Aberdeen & Grampian Chamber of Commerce has renewed calls for the UK Government to abolish the Energy Profits Levy after senior representatives travelled to London to press the case directly with HM Treasury.
Chief Executive Russell Borthwick and Policy Director Ryan Crighton met officials in Whitehall this week, warning that the windfall tax on oil and gas producers is stifling investment, jeopardising jobs, and undermining efforts to fund the transition to cleaner energy.
They presented officials with a 'red box' of supporting evidence which highlighted the impact the tax is already having on Aberdeen and Aberdeenshire in particular while being an issue of critical national importance.
Introduced in 2022, the levy was billed as a temporary measure to capture extraordinary profits driven by global energy prices. It has since been increased and extended to 2030.

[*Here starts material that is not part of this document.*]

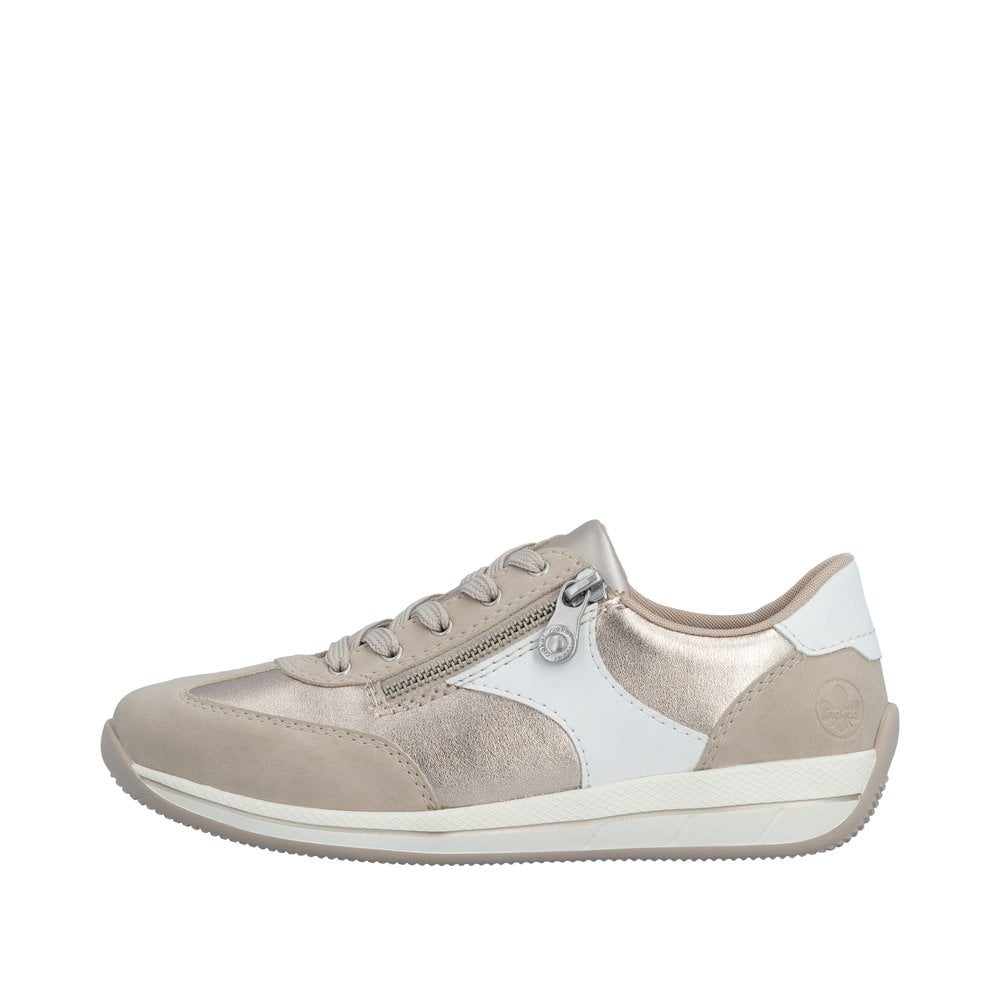 Rieker N1103 Wide Fit Lace/Zip-up Trainer - Beige Combi - image 005 |ww_colour=beige-combi|ww_order=005|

However, with commodity prices now long since stabilised, the tax is eroding confidence and pushing capital to rival basins overseas. This week Ineos confirmed it was investing £3billion in the US rather than the UK because of the fiscal regime. And we continue to see the ‘leakage’ of our world class supply chain and its people to projects in other energy regions around the world, meaning the UK won’t have threw capacity to build out new energy projects as they begin to scale. Ironically slowing down, not accelerating, net zero ambitions.
Russell Borthwick said: “This tax is not just hitting oil and gas operators – it’s rippling right through the North-east economy.
"Every pound of lost investment means fewer contracts for local suppliers, less work for our ports, fabricators, hauliers and hospitality businesses, and fewer opportunities for people to build long-term careers here.
“And the nation is being forced to import increasing amounts of fossil fuels to meet demand- paying no UK tax, supporting no UK jobs and at a much higher global carbon toll. It makes no sense.
"If the Government wants to protect jobs and support a managed transition, it cannot wait until 2030 to remove the Energy Profits Levy. It must go from the 2026-27 tax year.”
The Chamber has warned that without a clear timetable for ending the levy, operators will continue to scale back North Sea spending, placing thousands of high-value jobs and vital supply chain businesses at risk.
Industry body OEUK estimates that up to 1,000 jobs per month could be at risk between now and 2030 if the levy remains in place.